In 2021 Annual Competition Law Act the Italian Competition Authority proposed to introduce an ad hoc normative provision modelled on the German antitrust amendments aimed at strengthening the powers of the ICA to counter the market power of companies operating in multiple markets (29).

The 2021 Annual Competition Law Act entered into force on 27 August 2022, introducing in Article 33 a relative presumption of “abuse of economic dependence” (30) in commercial relations with an entity which provides the intermediation services of a digital platform, when the latter plays a decisive role in reaching end users or suppliers, including in terms of network effects or data availability.

The same provision states a a list of abusive conducts implemented by digital platforms which may be covered by the relative presumption, namely: providing insufficient information (or data) regarding the scope or quality of the service provided and demanding undue unilateral benefits not justified by the nature or content from the activity carried out, or adopting practices that inhibit or hinder the use of different provider for the same service, including through the application of unilateral conditions or additional costs not provided for in the contractual agreements or licenses in place.

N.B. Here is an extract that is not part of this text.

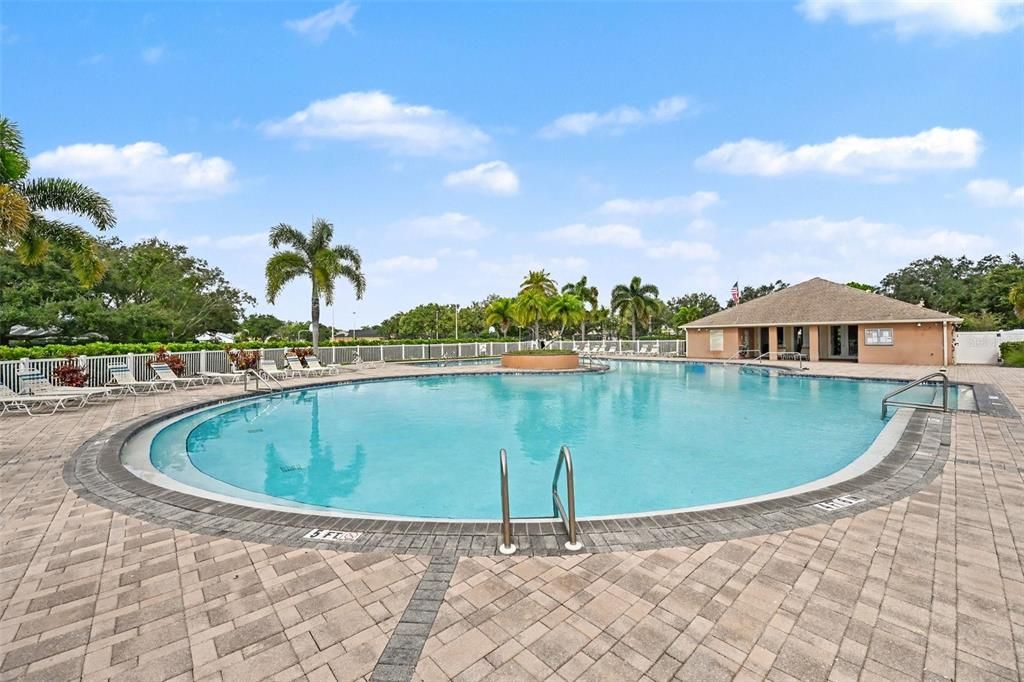 For Sale: $235,000 (2 beds, 2 baths, 1080 Square Feet)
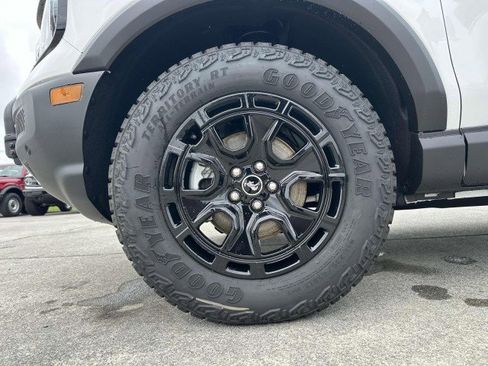 New 2025 Ford Bronco Sport Badlands w/ Sasquatch Badlands Package image 11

Questions left open by the DMA proposal

From the above recalled framework, several questions arise that are under discussion in the current debate.

It has been underlined that the DMA marks an important shift in the European approach towards “Big Tech”, reacting in a way that abstracts from the substantive and procedural requirements of EU competition law and moves away from an effects-based case by case assessment (31).

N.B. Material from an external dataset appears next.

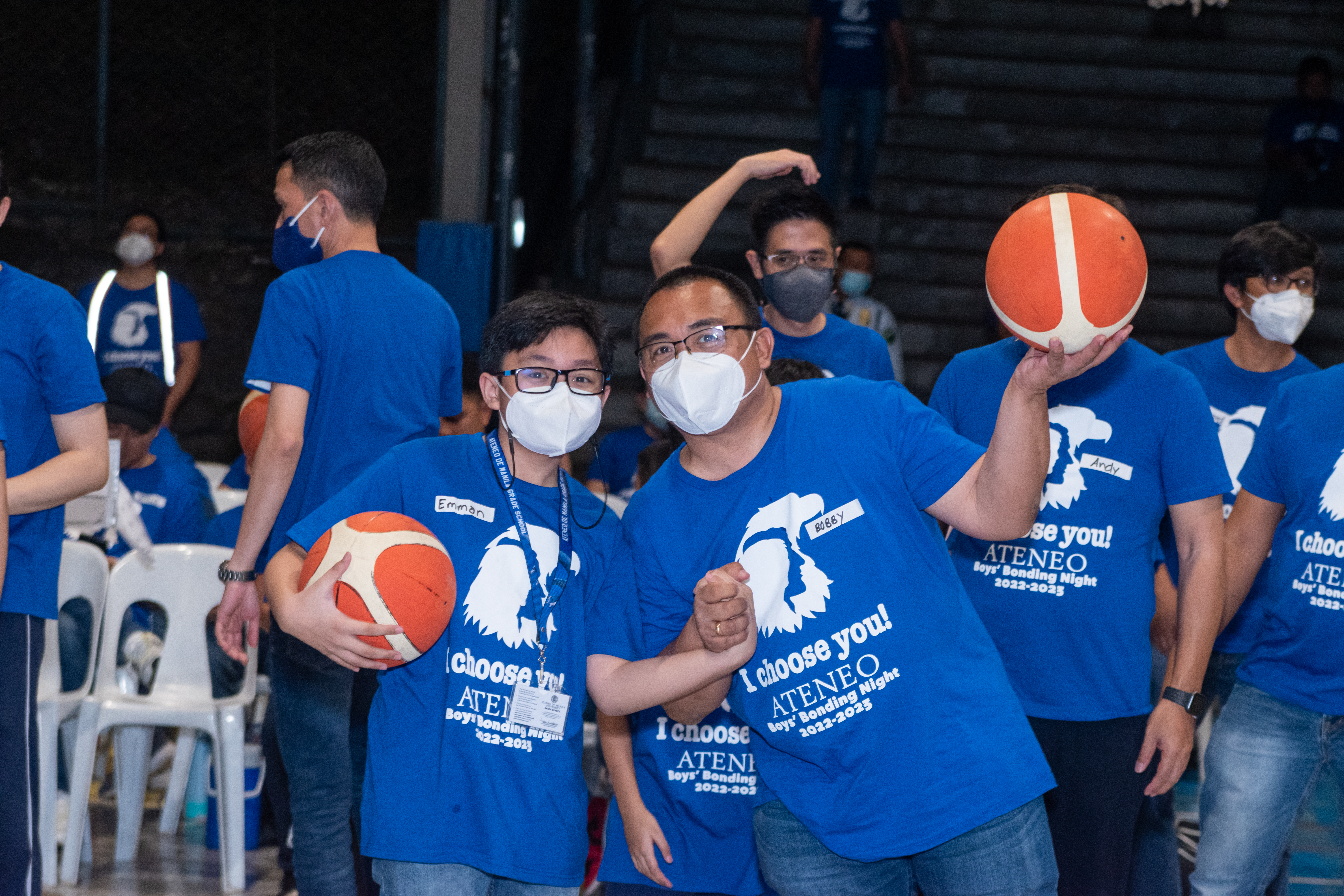 This duo is all set (while holding hands) and ready to take on the dribbling game!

The underlying hope is to create room for more, and potentially more radical decentral innovation in markets where gatekeepers are present. This approach deserves support.

However, it has first of all been highlighted that the gatekeeper conception in Art. 3 of the DMA currently lacks a clear specification of the relevant threshold of power. According to the Commission's Impact Assessment, the quantitative thresholds set out in Art. 3(2) should capture 10-15 core platform service providers. The DMA would then be broadly applied – not only to monopolistic settings but also to oligopolistic settings of various forms (32).

Secondly it has been suggested that the DMA should allow for a greater degree of flexibility in tailoring the rules to the competitive risks associated with specific services and business models. The first adaptation needed for that purpose: is the introduction of a “pro-competition defence” (33).

On the enforcement side it has been pointed out that the DMA should explicitly encourage private enforcement and empower national authorities to engage in a decentralized enforcement of the rules of conduct imposed on gatekeepers to be accompanied by strong coordination mechanisms to ensure an adequate case allocation and consistent interpretation of the rules (34).

Furthermore, it has been signaled how merger control in gatekeeper-controlled markets remains a gap.

While the DMA's focus on rules of conduct is right, it should arguably be complemented by a special preventive review of gatekeepers' acquisitions (35).

Finally, in the ongoing debates on the DMA, attention is given to the question which effects the DMA will have on EU competition law in the longer term (36). Will the DMA largely displace the application of Art. 102 TFEU to digital platforms? Or will it be an impetus for rethinking EU competition law methodologies – e.g., concerning market definition – and the direction EU competition law has taken over the last decade? If the DMA is an act of competition policy, its link to competition law should not be severed.